→ What the exercise asks
Beneath this line is the data. Output exactly the lines from the line with "ufravigelige spørge kardinal" to the line with "2003 NISSAN ALTIMA", both ends included, and nothing more.

→ Supplied data

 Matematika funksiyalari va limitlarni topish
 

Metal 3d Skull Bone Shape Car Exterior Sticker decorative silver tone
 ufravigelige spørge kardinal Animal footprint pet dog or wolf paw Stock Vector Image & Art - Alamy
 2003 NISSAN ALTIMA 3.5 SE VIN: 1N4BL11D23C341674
---
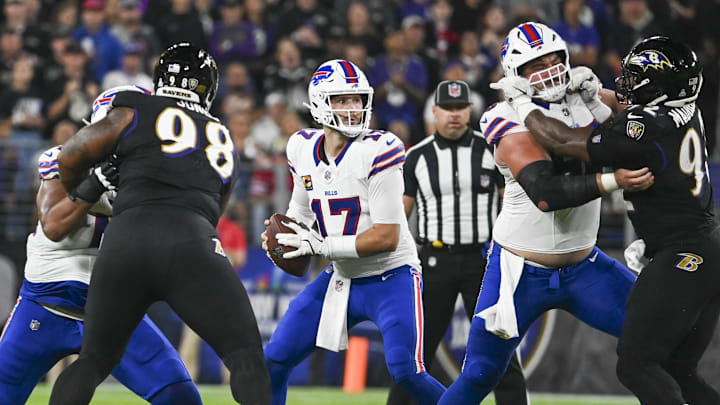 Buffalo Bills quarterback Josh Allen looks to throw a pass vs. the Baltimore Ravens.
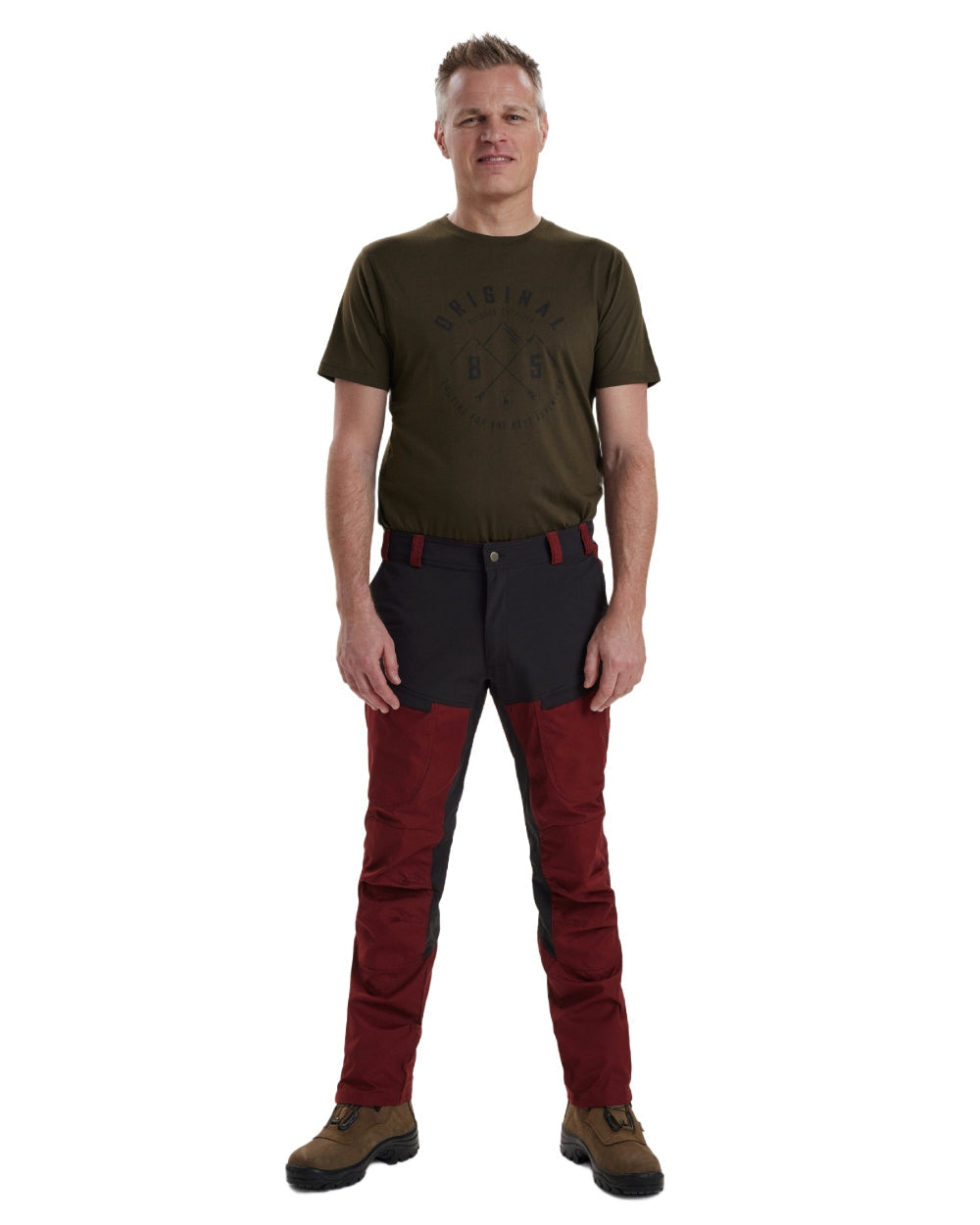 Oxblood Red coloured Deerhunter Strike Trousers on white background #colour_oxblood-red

→ Exercise solution
 ufravigelige spørge kardinal Animal footprint pet dog or wolf paw Stock Vector Image & Art - Alamy
 2003 NISSAN ALTIMA 3.5 SE VIN: 1N4BL11D23C341674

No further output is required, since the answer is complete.